**TO DO**
In the copy, keep every record exact and leave out all images.

**ENTRIES SHOWN**
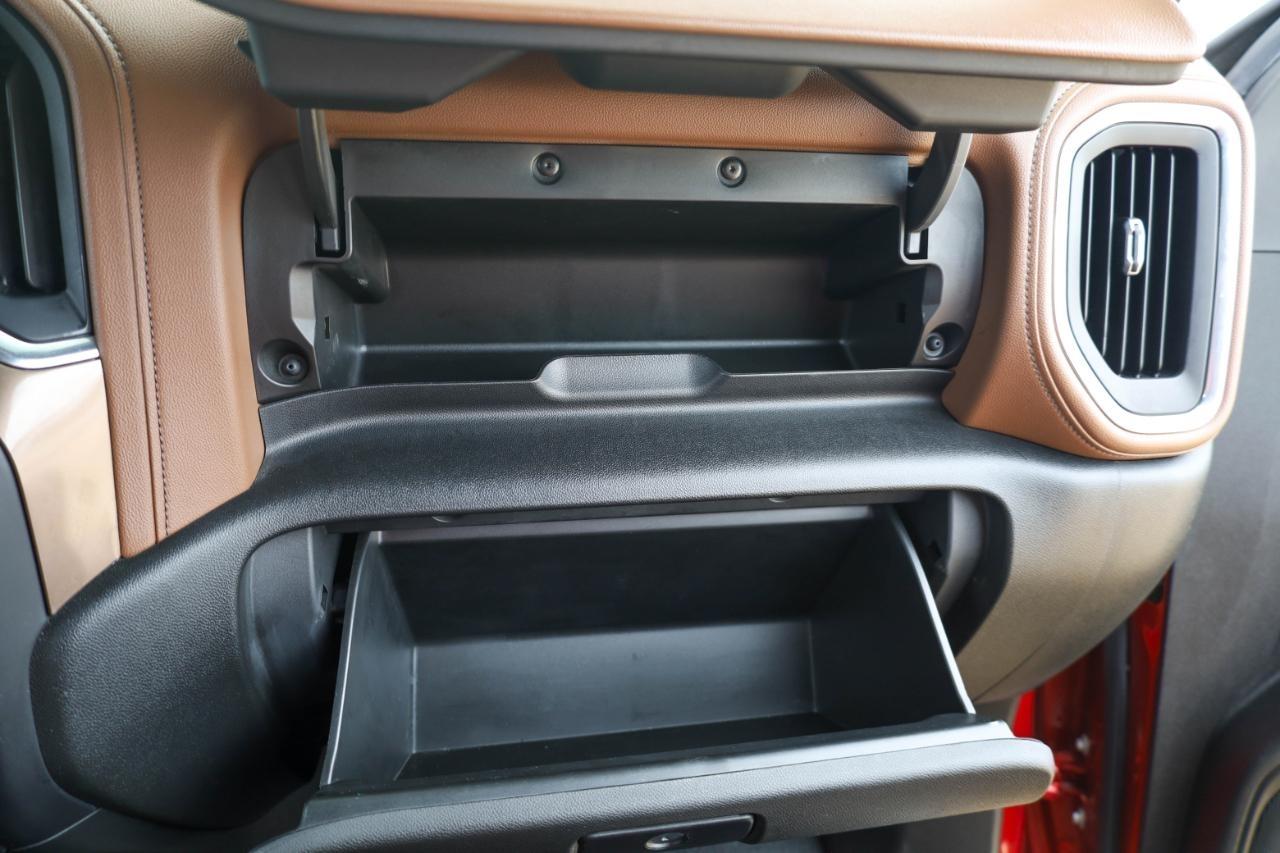 Chevrolet Silverado 3500HD 4WD Crew Cab 172" High Country 2021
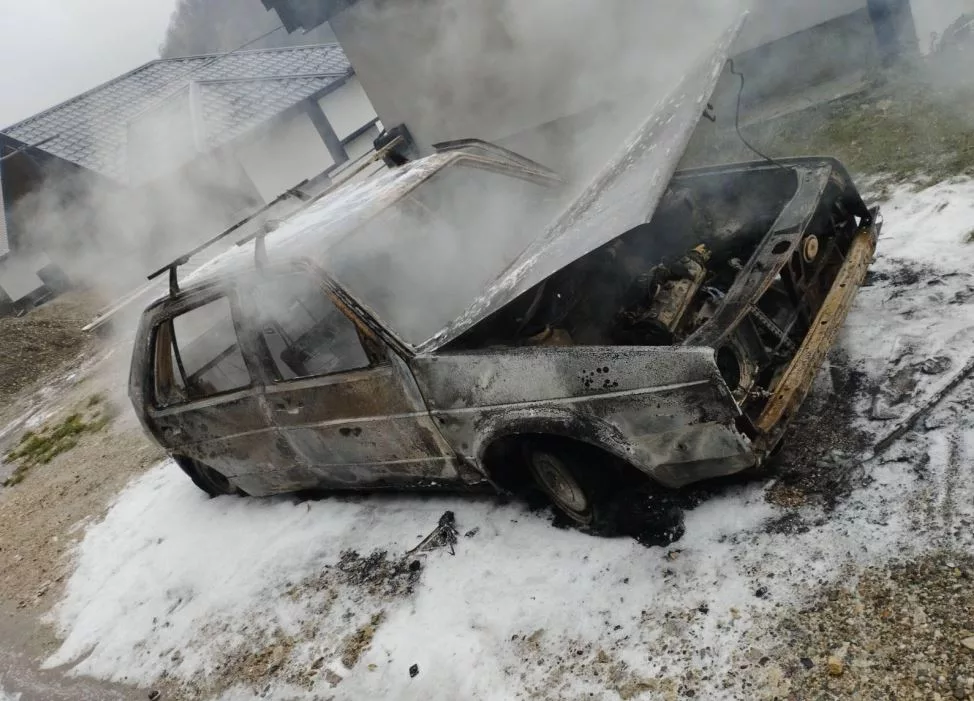 Vatra progutala automobil u blizini Zvorničkog jezera (FOTO)
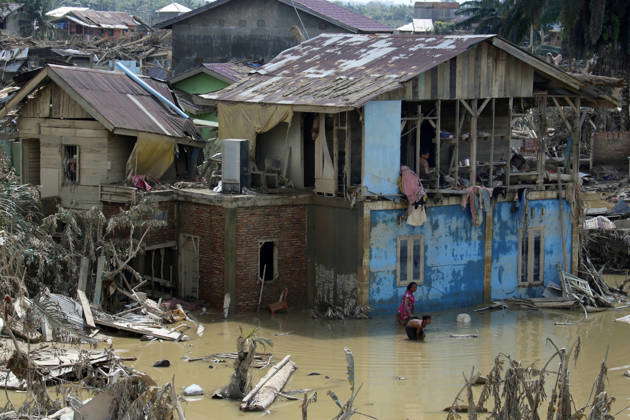Indonesia, destruction after flash floods and | IMAGO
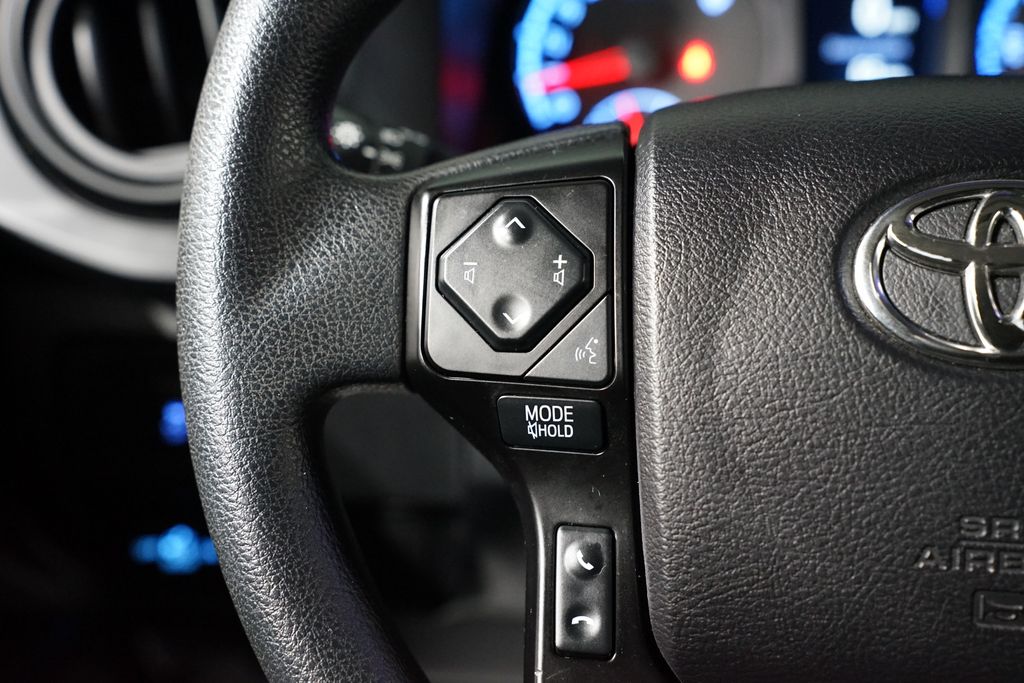 Thumbnail: 2022 Toyota Tacoma - 14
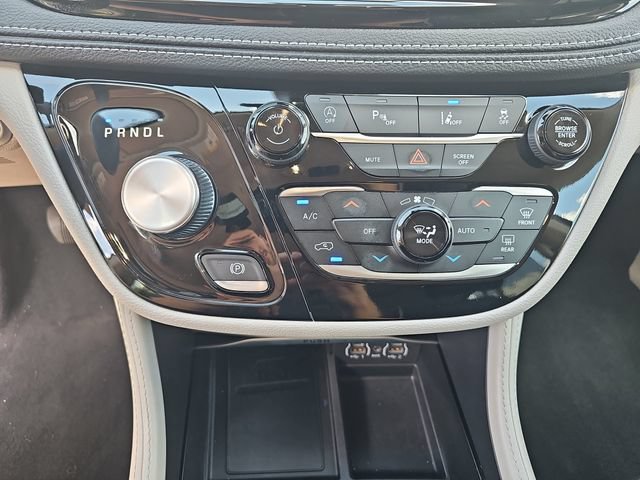 Used 2023 Chrysler Pacifica Limited w/ Uconnect Theater Family Group AWD/4WD image 31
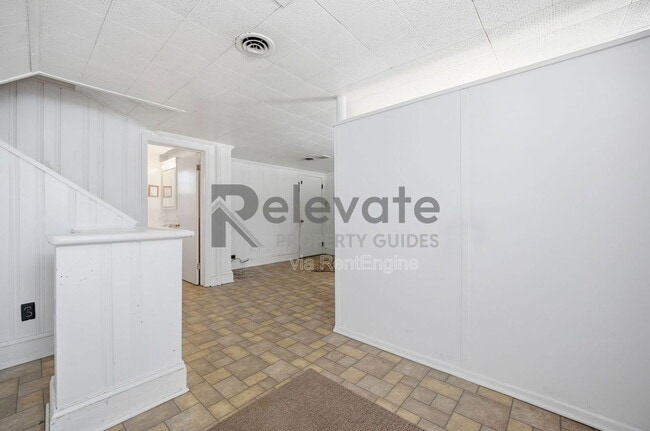 Building Photo - 9002 Michaux Ln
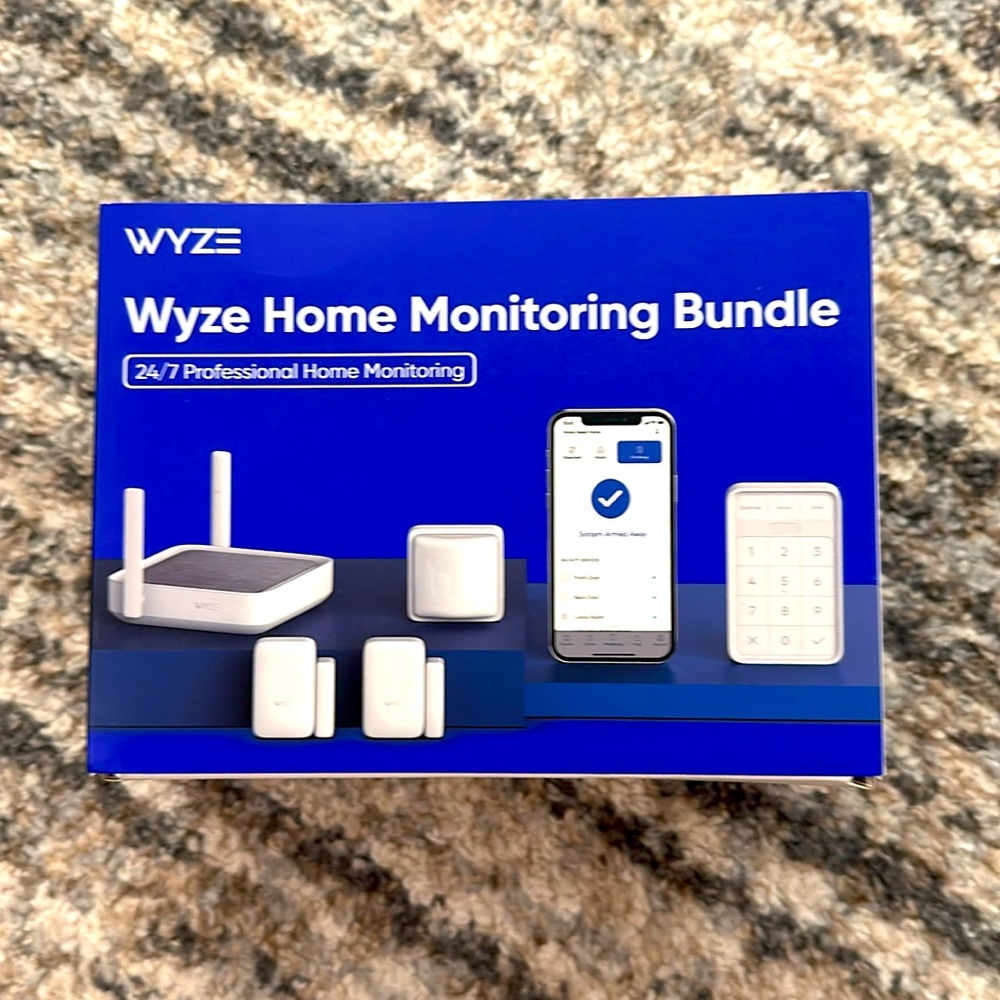 (New) Wyze Home Security Core Kit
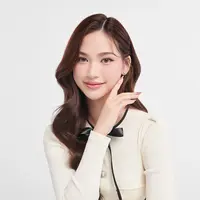 Ilustrasi perempuan tampil cantik dengan lip tint. (c) kitthanes_r@hotmail.com/Depositphotos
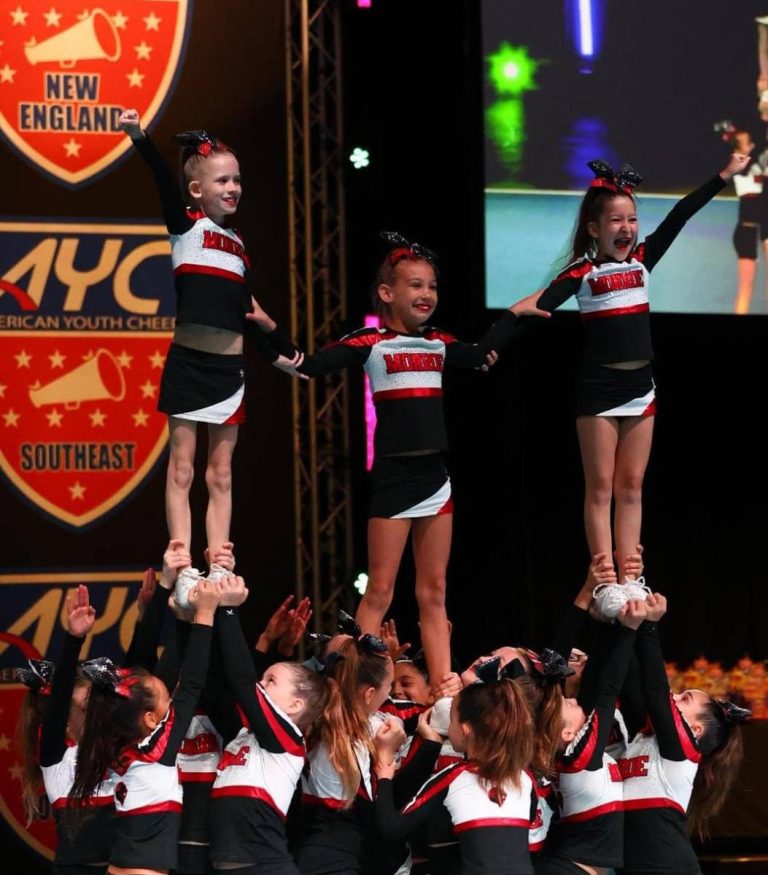 Monroe Lions D10 cheerleaders finish 3rd in the nation | The Monroe Sun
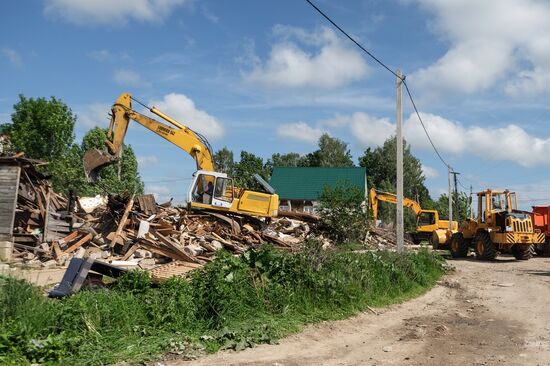Demolishing illegally built houses in Plekhanovo, Tula region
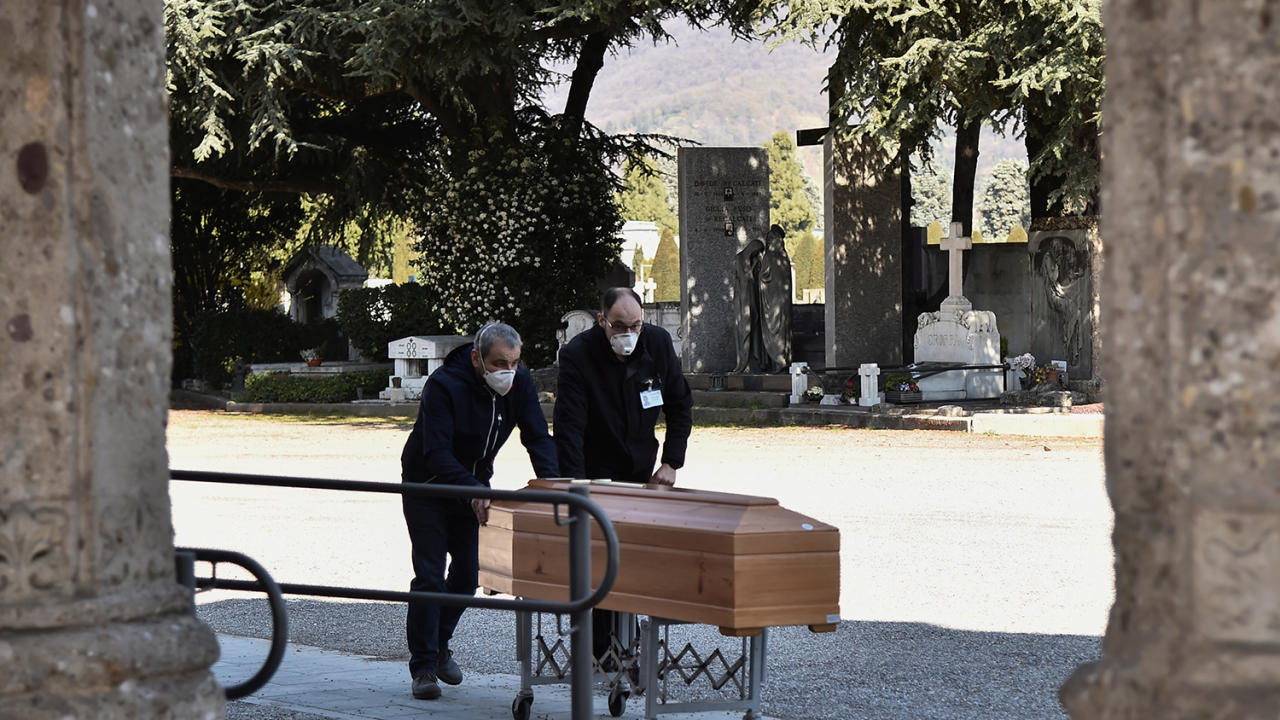 Как в Италии хоронят умерших от коронавируса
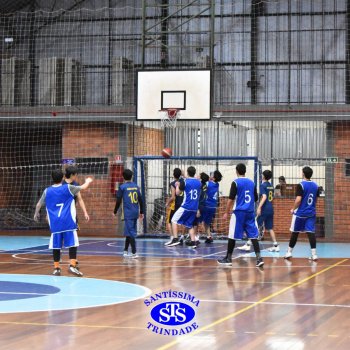 Santíssima e Sant’Anna participam de jogos amistosos de basquete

**REPLY TO THE TASK**
 Chevrolet Silverado 3500HD 4WD Crew Cab 172" High Country 2021
 Vatra progutala automobil u blizini Zvorničkog jezera (FOTO)
Indonesia, destruction after flash floods and | IMAGO
 Thumbnail: 2022 Toyota Tacoma - 14
 Used 2023 Chrysler Pacifica Limited w/ Uconnect Theater Family Group AWD/4WD image 31
 Building Photo - 9002 Michaux Ln
 (New) Wyze Home Security Core Kit
 Ilustrasi perempuan tampil cantik dengan lip tint. (c) kitthanes_r@hotmail.com/Depositphotos
 Monroe Lions D10 cheerleaders finish 3rd in the nation | The Monroe Sun
Demolishing illegally built houses in Plekhanovo, Tula region
 Как в Италии хоронят умерших от коронавируса
 Santíssima e Sant’Anna participam de jogos amistosos de basquete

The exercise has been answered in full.